At some point, people interested in industrial art will be encouraged to reflect on the relationship between 1) the arts and crafts movement, 2) art nouveau/ jugendstil and 3) art that is created to be used in industrial settings. The focus is on objects that are to be seen by the public, usually inside a factory or store. It also includes graphics created for use as advertising and packaging. This type of art grew out of the Arts and Crafts movement of the 19th century, which was an effort to bring beauty into manufacturing. Industrial design, as an attempt to create beautiful things for use in industry, took off after World War I when many people were seeking a substitute for the ornate designs of Art Nouveau. The style became especially popular in America during the 1920s due to two trends: the rise in popularity of machines, and an emphasis on modernism.
A second perspective on industrial art = factory art = machine art, is a form of modern art that utilizes industrial materials and processes. Here, the term industrial art was coined in 1912 by the critic and artist Elie Nadelman (1882 – 1946), a sculptor and collector of folk art, used the term to describe some works by Alexander Archipenko (1887 – 1964).
Anno 2025, Industrial art is not a term that is used. Instead, the focus is on industrial design creating products that people want and, sometimes even need. It’s not just about making an object look good. It has to be easy to use, safe for the environment, affordable and durable.
Treat this post as a manuscript for a play, with a Prologue and an Epilogue. At one time it was divided into three acts, but the divisions were messy, so it has reverted to a play with an indeterminate number of acts.
Characters (in alphabetical order). Yes, some of the characters are more important than others, and one has mostly been eliminated from the play. The characters are referred to by their first names, to introduce some intimacy to them. I am not certain this is how people in the 19th century treated each other. My 20th century mother said that her mother, Jane Andison née Briggs (1880 – 1972), referred to some of her women friends by Mrs, followed by a married surname. In Norway, everybody is on a first name basis with everybody. Even the Prime Minister Jonas Gahr Støre (1960 – ) is referred to as Jonas. Before him we had Erna (Solberg, 1961 – ). Her personal, but political website is erna.no .
Anne = Julia Sarah Anne Cobden-Sanderson née Cobden (1853 – 1926), a socialist, suffragette and vegetarian. She provided the money (£ 1 600) to start Doves Press.
Bill = William Morris (1834 – 1896), a textile designer, poet, artist, writer and socialist activist, married Jane in 1859.

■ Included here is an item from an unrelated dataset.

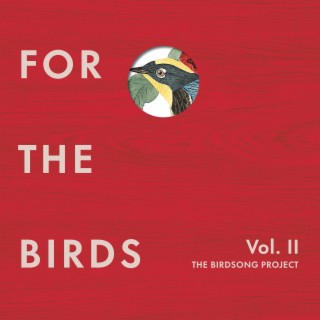 For the Birds: The Birdsong Project, Vol. II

Ed = Edward Philip Prince (1846 – 1923) an engraver and punchcutter. Wikipedia tells us: Punchcutting is a craft used in traditional typography to cut letter punches in steel as the first stage of making metal type. Steel punches in the shape of the letter would be used to stamp matrices into copper, which were locked into a mould shape to cast type. Cutting punches and casting type was the first step of traditional typesetting. The cutting of letter punches was a highly skilled craft requiring much patience and practice.
Ed2 = Edward Burne-Jones (1833 – 1898), a frequent illustrator of Kelmscott books, based many of his drawings for the wood engravings on his own previous paintings. He valued these works for their decorative value over their illustrative properties, and reviewed them by looking at them upside-down.
Emery = Emery Walker (1851 – 1933), an engraver, photographer and printer, active in many Arts & Crafts organizations including the Art Workers Guild, the Society for the Protection of Ancient Buildings and the Arts and Crafts Exhibition Society. He was also the most experienced person in this story, when it comes to printing.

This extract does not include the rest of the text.